The Philippine peso, South Korean won and Singapore dollar managed small gains on Monday as investors cautiously returned after central banks across the world supplied funds to troubled credit markets.
Major central banks injected billions of dollars in overnight funds on Thursday and Friday and reassured markets of their support if there was a cash crunch as credit conditions deteriorated. The Bank of Japan provided funds on Monday and the European Central Bank said it would, too.
The peso gained nearly half a percent to 45.52 per dollar and the won rallied 0.3 percent to 928 per dollar after South Korea's finance ministry said the government would act pre-emptively to avert any fallout on local markets. The Singapore dollar, considered a relatively safe haven in Asia, also gained a quarter of a percent.
But the Indonesian rupiah, Asia's highest-yielding currency, stayed weak near one-year lows at 9,345 per dollar. The Taiwan dollar barely moved. Central banks in Malaysia, Indonesia, the Philippines and Taiwan were suspected of selling dollars to support their currencies on Friday.
"I am still cautious. It is so difficult to read the situation," said one trader in Manila on Monday. "I sold a few dollars, but just to have a position and just to play the range between 45.50 and 45.75 for now," he said, referring to trades in the peso.

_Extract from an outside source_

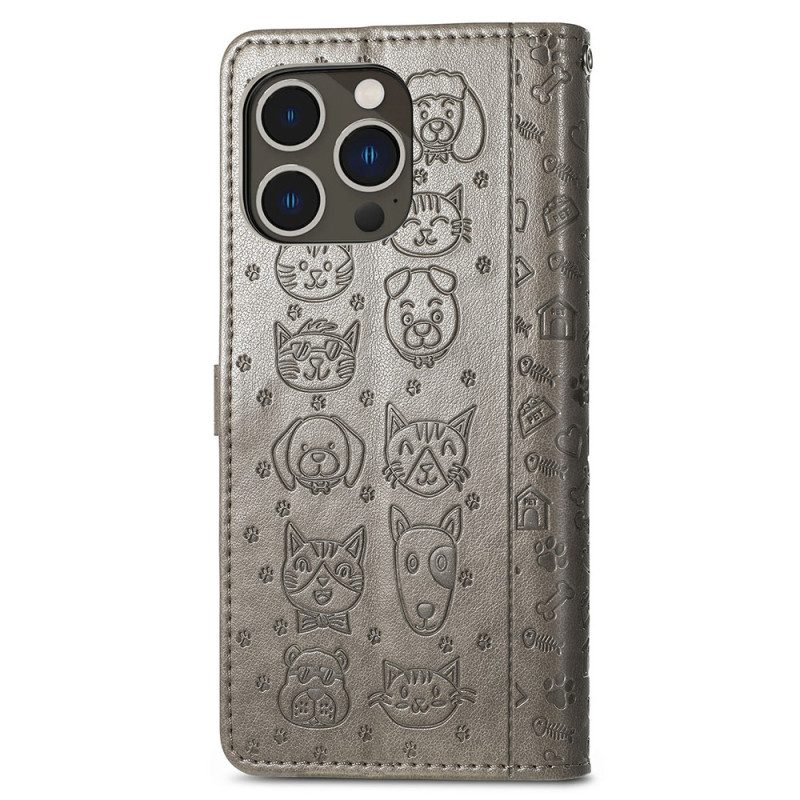 Custodia in pelle iPhone 15 Pro Max Animali Animati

Still, investors were wary of taking on risk as central bankers warned of possible further volatility in financial markets. Japan's economics minister, Hiroko Ota, said she would track the impact of the troubles in the US subprime mortgage sector on the US economy and oil prices.
Australian central bank Governor Glenn Stevens said the US mortgage market situation could deteriorate in the coming year and warned of the risk of a slowdown in the US economy.
"It's quite possible that things could still get a bit worse before getting better. The contagion of this credit issue is starting to be felt even in Asia," Thio Chin Loo, a currency strategist at BNP Paribas, said.
Stock markets in Asia mirrored that uncertainty. Indexes in Thailand and Indonesia were lower while those in South Korea and Hong Kong managed small gains. Thio said it was not certain that the central banks' actions would contain the volatility. "I would be hesitant to say that things have passed the worst but, as it stands, a lot of it is sentiment-driven and it's very hard to determine how sentiment shifts from day to day.
"At this moment, certainly, markets are taking a very short term and cautious approach," she said. Analysts at J.P. Morgan said that while there were short-term risks to regional currencies owing to deepening aversion to risk and likely weakness in equity markets, they would not alter their longer-term bullish views on Asia.